Die EU und Kanada halten an ihrem Gipfel am Donnerstag zur Unterzeichnung des CETA-Freihandelsabkommens trotz Ablehnung der Wallonie fest. Auch die Rede des kanadischen Premiers Justin Trudeau am Mittwoch im EU-Parlament in Straßburg soll stattfinden. Dennoch: Der CETA-Streit hat die EU-Krise vertieft. Über die Folgen sprach der KURIER mit dem ehemaligen österreichischen Spitzendiplomaten Stefan Lehne. Er gilt als profunder Kenner der EU und ist Mitarbeiter des renommierten Thinktank Carnegie Europe.
KURIER: Herr Lehne, die EU befindet sich seit Jahren in einer multiplen Krise, die jetzt auch die Außenhandelspolitik erfasst. Wie geht es weiter?
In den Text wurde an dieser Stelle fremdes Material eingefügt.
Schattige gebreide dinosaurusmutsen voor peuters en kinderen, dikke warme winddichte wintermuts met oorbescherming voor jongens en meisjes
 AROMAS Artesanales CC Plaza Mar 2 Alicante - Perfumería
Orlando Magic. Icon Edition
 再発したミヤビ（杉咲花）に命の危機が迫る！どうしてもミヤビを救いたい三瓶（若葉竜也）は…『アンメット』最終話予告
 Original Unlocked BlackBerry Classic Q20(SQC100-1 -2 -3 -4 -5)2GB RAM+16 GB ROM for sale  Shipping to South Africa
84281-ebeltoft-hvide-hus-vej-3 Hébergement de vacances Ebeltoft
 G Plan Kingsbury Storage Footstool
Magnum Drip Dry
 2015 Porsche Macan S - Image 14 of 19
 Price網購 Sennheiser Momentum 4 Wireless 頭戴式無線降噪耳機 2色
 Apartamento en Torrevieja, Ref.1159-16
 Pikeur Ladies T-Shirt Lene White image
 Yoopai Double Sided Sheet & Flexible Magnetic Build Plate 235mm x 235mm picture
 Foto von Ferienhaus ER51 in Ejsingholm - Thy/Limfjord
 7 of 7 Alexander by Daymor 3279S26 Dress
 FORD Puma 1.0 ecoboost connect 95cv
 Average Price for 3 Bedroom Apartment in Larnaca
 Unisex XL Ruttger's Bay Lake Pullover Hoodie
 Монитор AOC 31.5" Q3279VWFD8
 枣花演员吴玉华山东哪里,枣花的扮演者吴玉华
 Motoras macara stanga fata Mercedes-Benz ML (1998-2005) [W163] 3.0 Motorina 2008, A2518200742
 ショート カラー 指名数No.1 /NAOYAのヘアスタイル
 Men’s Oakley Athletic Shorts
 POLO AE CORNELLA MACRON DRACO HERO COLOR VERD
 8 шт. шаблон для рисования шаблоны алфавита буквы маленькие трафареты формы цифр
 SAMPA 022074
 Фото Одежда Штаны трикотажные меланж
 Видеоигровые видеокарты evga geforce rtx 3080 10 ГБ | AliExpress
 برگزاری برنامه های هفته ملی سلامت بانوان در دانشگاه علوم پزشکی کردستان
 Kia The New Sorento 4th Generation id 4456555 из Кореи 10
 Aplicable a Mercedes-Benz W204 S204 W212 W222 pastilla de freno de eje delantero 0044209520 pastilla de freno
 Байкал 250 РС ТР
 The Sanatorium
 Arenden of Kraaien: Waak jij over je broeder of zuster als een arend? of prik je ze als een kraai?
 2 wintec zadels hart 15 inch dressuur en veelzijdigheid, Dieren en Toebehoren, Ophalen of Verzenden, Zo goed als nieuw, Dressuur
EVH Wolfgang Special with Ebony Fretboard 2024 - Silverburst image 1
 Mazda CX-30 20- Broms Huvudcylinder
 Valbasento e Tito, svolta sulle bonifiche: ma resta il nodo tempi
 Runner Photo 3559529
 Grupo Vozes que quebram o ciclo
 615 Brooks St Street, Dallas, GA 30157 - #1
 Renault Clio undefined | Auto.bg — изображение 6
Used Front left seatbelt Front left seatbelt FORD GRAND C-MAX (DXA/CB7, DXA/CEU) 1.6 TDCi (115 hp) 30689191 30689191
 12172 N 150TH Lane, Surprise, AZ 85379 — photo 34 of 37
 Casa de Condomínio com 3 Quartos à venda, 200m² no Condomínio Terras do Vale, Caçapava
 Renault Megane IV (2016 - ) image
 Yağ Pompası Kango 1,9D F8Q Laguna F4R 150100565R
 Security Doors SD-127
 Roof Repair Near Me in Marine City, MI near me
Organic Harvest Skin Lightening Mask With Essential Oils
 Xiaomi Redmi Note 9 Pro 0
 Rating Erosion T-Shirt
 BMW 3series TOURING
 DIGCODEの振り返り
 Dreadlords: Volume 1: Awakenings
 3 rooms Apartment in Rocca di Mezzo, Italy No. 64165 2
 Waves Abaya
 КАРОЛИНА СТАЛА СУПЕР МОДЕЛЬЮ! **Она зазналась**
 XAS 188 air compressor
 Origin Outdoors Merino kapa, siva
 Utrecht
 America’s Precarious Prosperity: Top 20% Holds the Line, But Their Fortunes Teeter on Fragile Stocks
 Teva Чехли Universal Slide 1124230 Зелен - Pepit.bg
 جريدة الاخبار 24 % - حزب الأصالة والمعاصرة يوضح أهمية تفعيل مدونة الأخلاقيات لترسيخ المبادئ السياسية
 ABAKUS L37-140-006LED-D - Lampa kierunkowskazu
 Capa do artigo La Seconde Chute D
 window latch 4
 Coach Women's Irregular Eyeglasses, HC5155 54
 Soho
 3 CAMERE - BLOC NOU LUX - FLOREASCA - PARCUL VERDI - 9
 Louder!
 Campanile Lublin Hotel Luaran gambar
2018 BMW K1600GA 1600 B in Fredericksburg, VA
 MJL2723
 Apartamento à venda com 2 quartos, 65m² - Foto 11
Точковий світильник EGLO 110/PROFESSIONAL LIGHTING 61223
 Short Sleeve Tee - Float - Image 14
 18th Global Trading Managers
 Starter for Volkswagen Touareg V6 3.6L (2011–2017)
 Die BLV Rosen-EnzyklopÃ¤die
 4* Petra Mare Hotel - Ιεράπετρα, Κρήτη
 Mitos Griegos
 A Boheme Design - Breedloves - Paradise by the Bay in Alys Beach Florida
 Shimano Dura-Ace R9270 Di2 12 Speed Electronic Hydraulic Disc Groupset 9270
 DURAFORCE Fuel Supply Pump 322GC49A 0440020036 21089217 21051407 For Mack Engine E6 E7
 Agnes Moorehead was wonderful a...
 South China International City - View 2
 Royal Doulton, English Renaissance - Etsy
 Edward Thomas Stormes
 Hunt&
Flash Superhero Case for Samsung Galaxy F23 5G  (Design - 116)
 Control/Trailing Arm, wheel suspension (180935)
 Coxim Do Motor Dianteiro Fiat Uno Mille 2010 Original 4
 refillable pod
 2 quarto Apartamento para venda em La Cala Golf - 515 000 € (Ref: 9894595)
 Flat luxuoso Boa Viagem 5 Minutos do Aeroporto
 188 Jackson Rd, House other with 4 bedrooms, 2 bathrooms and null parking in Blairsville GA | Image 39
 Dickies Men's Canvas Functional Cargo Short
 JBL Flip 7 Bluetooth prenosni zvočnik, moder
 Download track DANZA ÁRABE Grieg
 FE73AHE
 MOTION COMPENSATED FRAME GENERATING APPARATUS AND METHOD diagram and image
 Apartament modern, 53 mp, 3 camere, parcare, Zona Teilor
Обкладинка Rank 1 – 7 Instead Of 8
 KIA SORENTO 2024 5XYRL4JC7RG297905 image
Stefan Lehne: Die EU war noch nie in ihrer Geschichte in einer so schwierigen Lage. Der wichtigste Krisenmanager – der Europäische Rat – ist kein guter "Multi-Tasker". In der Regel schafft der Rat es, sich mit einem großen Thema auseinanderzusetzen. Jetzt muss er sich mit den Ausläufern der Eurokrise, der Migrationskrise, dem Brexit und jetzt auch mit dem Fiasko der Handelspolitik gleichzeitig herumschlagen. Und das alles in einem außenpolitisch schwierigen Umfeld. Das europäische Führungspersonal macht derzeit einen reichlich überforderten Eindruck.
Droht nun das Ende der EU?
Ein Auseinanderbrechen der EU ist nicht völlig ausgeschlossen, aber nicht das wahrscheinlichste Ergebnis. Die größere Gefahr besteht darin, dass die EU ihre politische Gestaltungsfähigkeit einbüßt und zunehmend irrelevant wird. Das Heilige Römische Reich hat auch noch lange existiert, obwohl es politisch längst tot war.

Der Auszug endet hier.